Salomé & Wilde Salomé at Stirling Vue: Salomé is Oscar Wilde’s most controversial work, banned in London in the late 19th Century. This scintillating tale of lust, greed and revenge follows the legend of King Herod and his passion towards his young stepdaughter, Salomé, and her sexual baiting of John the Baptist.

Adapted for the big screen in the shape of a filmed play and accompanying documentary, Stirling Vue will show each production back-to-back and live broadcast a Q&A event - via satellite from London’s BFI Southbank - with stars Jessica Chastain (The Help, Zero Dark Thirty) and Al Pacino (The Godfather, Heat).

Salomé; When a drunken King Herod (Pacino) offers to grant his stepdaughter (Chastain) any wish she desires in exchange for a suggestive performance of the Dance of the Seven Veils, it’s a decision he quickly comes to regret. She demands something which fills him with dread; the head of John the Baptist.

Wilde Salomé; Al Pacino directs this remarkable documentary which explores the life and times of Oscar Wilde. This film was inspired by Pacino’s desire to play the character of King Herod, having seen the play performed in London with Stephen Berkoff.

Stirling Vue, Sunday 21 September, 4pm. For more info and tickets, go to www.myvue.com.

Playstation picks: As the PS3’s glory days come to a close, I’ve chosen my top three games/series for the console.

Mass Effect (series); My own personally-designed Shepherd blazed through Bioware’s space trilogy - and boy did she look good doing it. What I loved about this series - as well as the Fallout franchise - is that I was able to shape what I looked like, play as a woman (very important to me when gaming), make story-changing decisions, choose to be good or a rogue, and enter into relationships with other characters. Over the course of the three games, one simple action taken in the first had consequences by the third. It was all down to you, whether you sided with serial killers and genocidal lunatics or fought with your last breath as humanity’s last hope. The sci-fi’s conclusion received backlash from some fans, but I felt it was an apt ending in the fight to save the universe. Mass Effect is one of the most definitive RPGs I’ve ever played and a wholly unique experience. If you haven’t played the game but fancy a shot, my only advice is to use cryo ammo to freeze any frightening banshees and if you’re already 'dating’ someone do not - repeat do not - get into the shower with comm specialist Traynor.

Fallout: New Vegas; Words cannot describe how much I fell in love with this game. Luck was certainly a lady as I crossed the post-apocalypse wasteland to make my way to the bright lights of the New Vegas strip. I battled cannibals, defeated deathclaws, defended towns, slaughtered slavers and took revenge on the man who shot me in the head during the opening sequence. I also made many companions on the way and discovered fascinating secrets between brutal battles. As with Mass Effect, in New Vegas I was able to design what I looked like, play as a female character, make story-altering decisions and choose to be good or evil. This is an epic game; one that I would happily start from scratch and devote another 50,000 hours to. When developers Bethesda finally announce the release date of Fallout 4, know that I will be booking that day and following week off work. Hallelujah.

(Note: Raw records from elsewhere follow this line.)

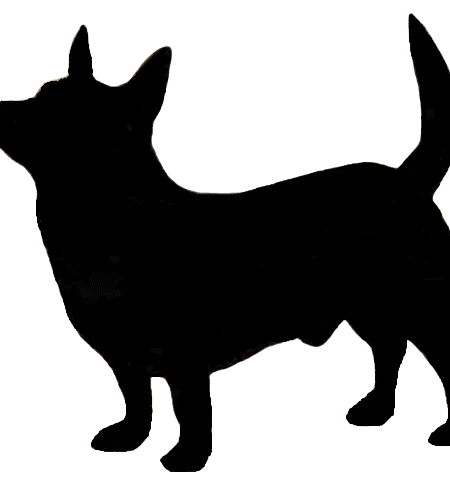 Bild für Lancashire Heeler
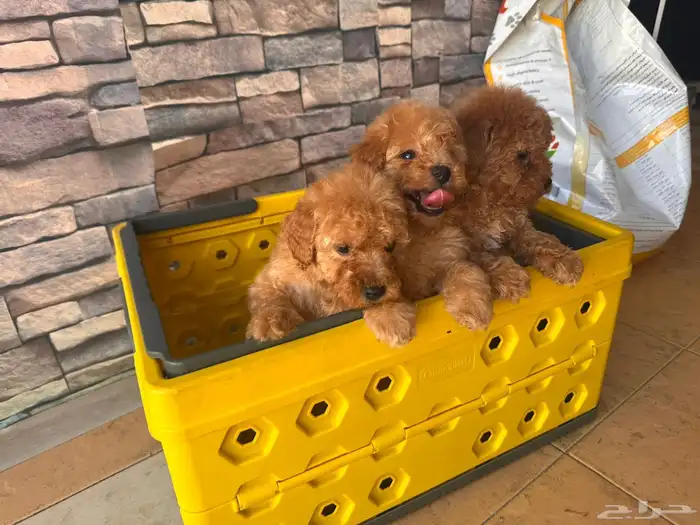 للبيع توي بودل جراوي بيور والاهالي مستوردين 0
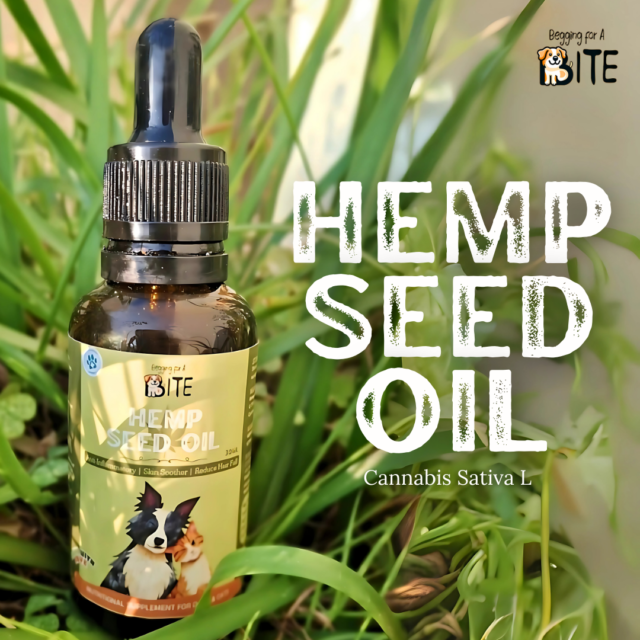 - BFAB Hemp Seed Oil for Dogs and Cats: A Natural Health Booster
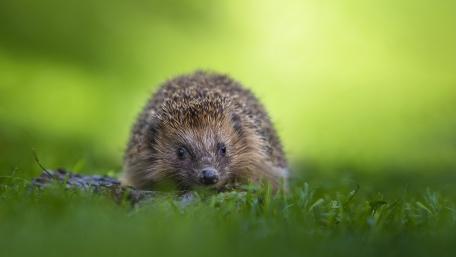 Hedgehog in Lush Green Oasis wallpaper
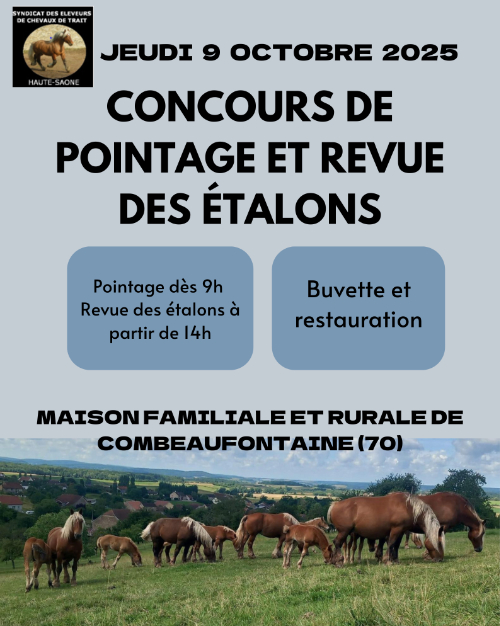 Affiche concours pointage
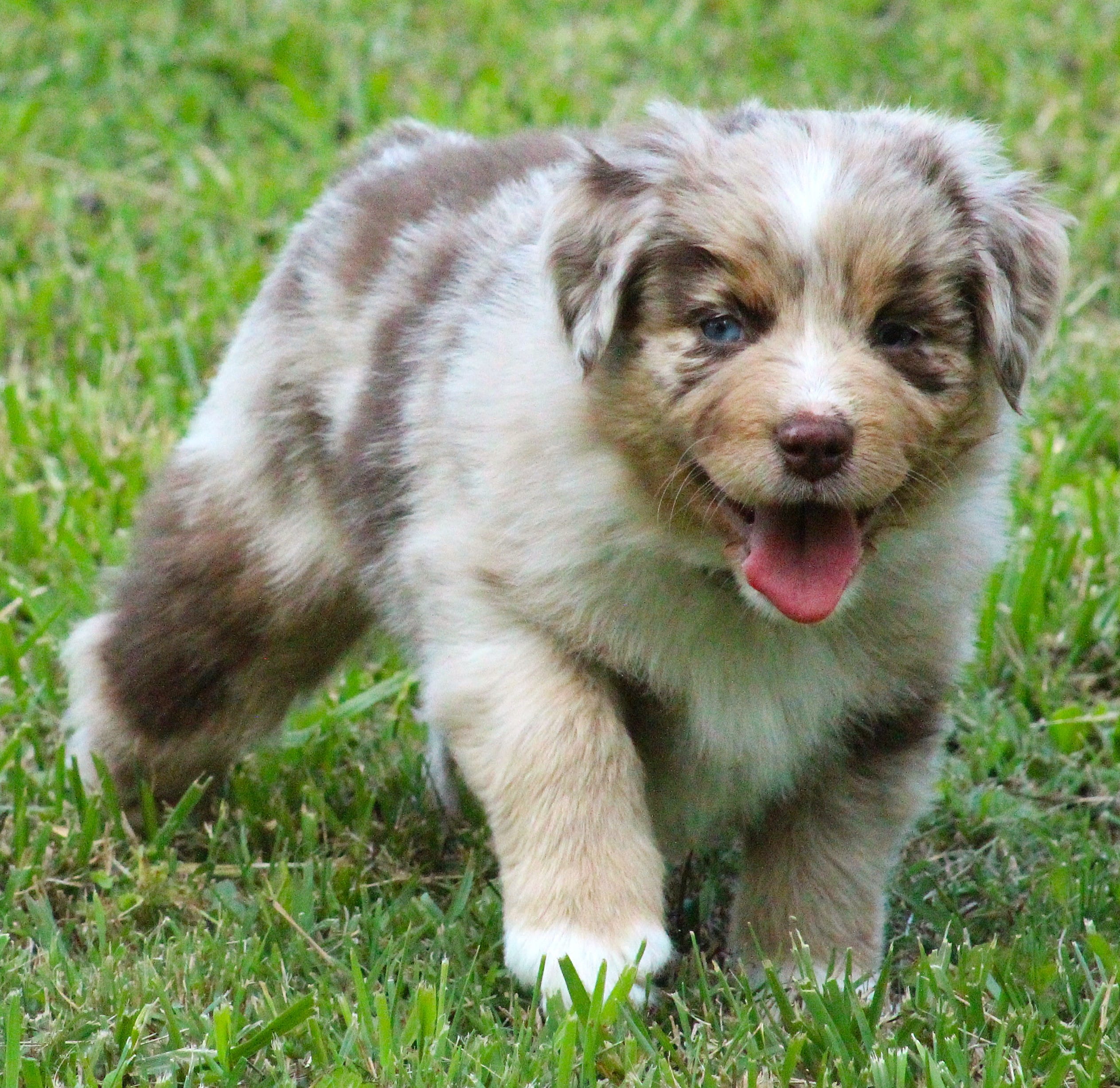 Fancy – Australian Shepherd puppy for sale in Cookeville, TN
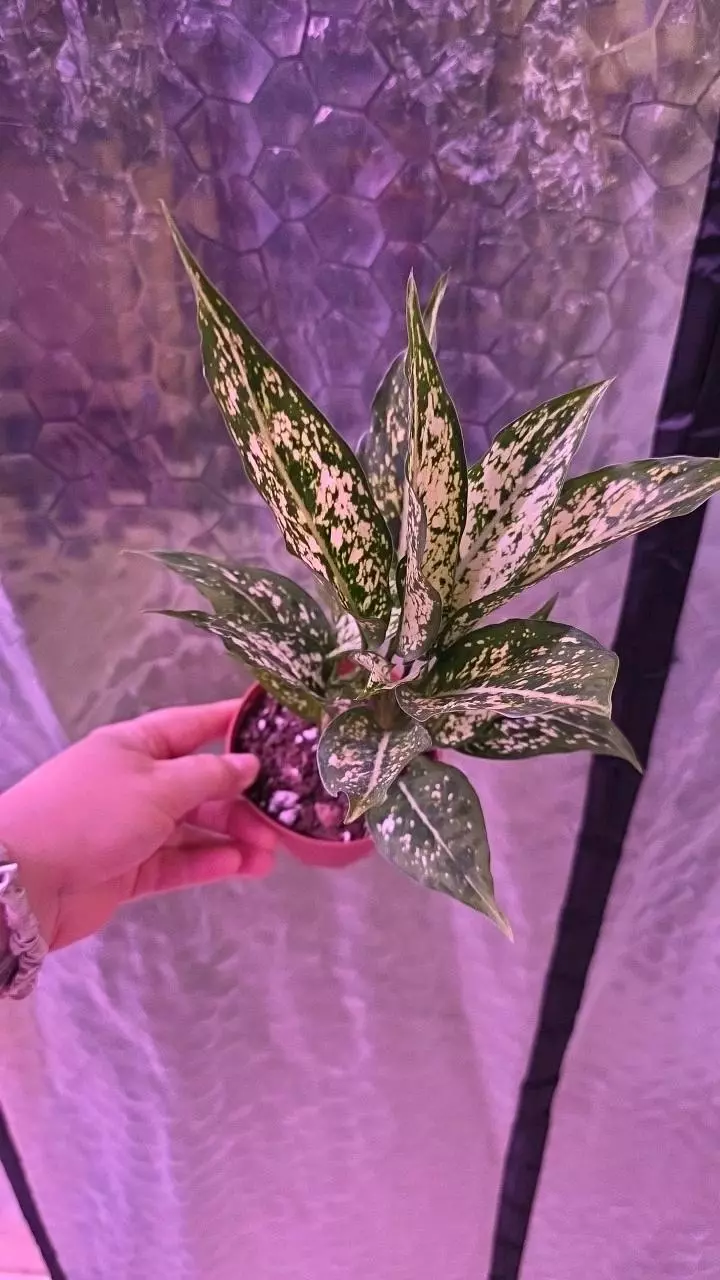 plant/Osaka Aglaonema-0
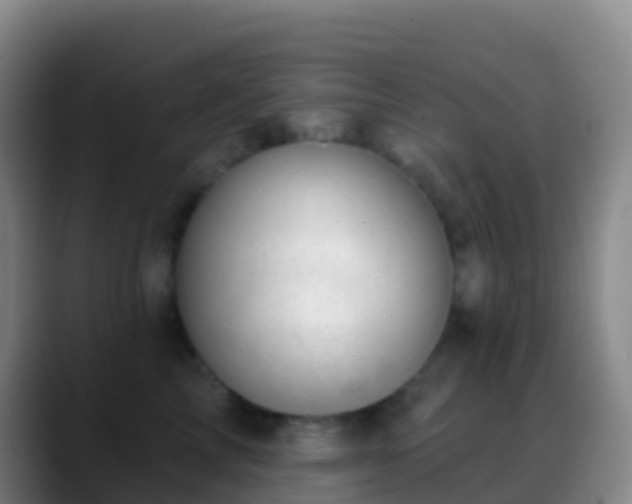 X0000088900713200706151848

Red Dead Redemption; Rockstar’s western-themed video game had me hooked from the get-go. It featured everything from horse-riding and treasure hunting to hog-tying outlaws and saloon shootouts. In keeping with the studio’s repertoire (GTA, Bully, The Warriors), the storylines were quirky and tasks easy enough to complete to keep you coming back for more. As an open world game I literally hopped on my horse and set off for the sunset, finding adventure on the way. My only issue; there was no alternative to the male lead. Although hero John Marston looked cool and sounded sexy, as a female gamer I would rather have played as a cowgirl. Rockstar Games take note.

Also worth a mention; Dragon Age (series), Far Cry 3, The Elder Scrolls (Skyrim & Oblivion), The Last Of Us, GTA V, BioShock, Batman: Arkham City, Unchartered 2: Among Thieves, L.A. Noire, Heavy Rain, Saints Row (series) and COD: Modern Warfare.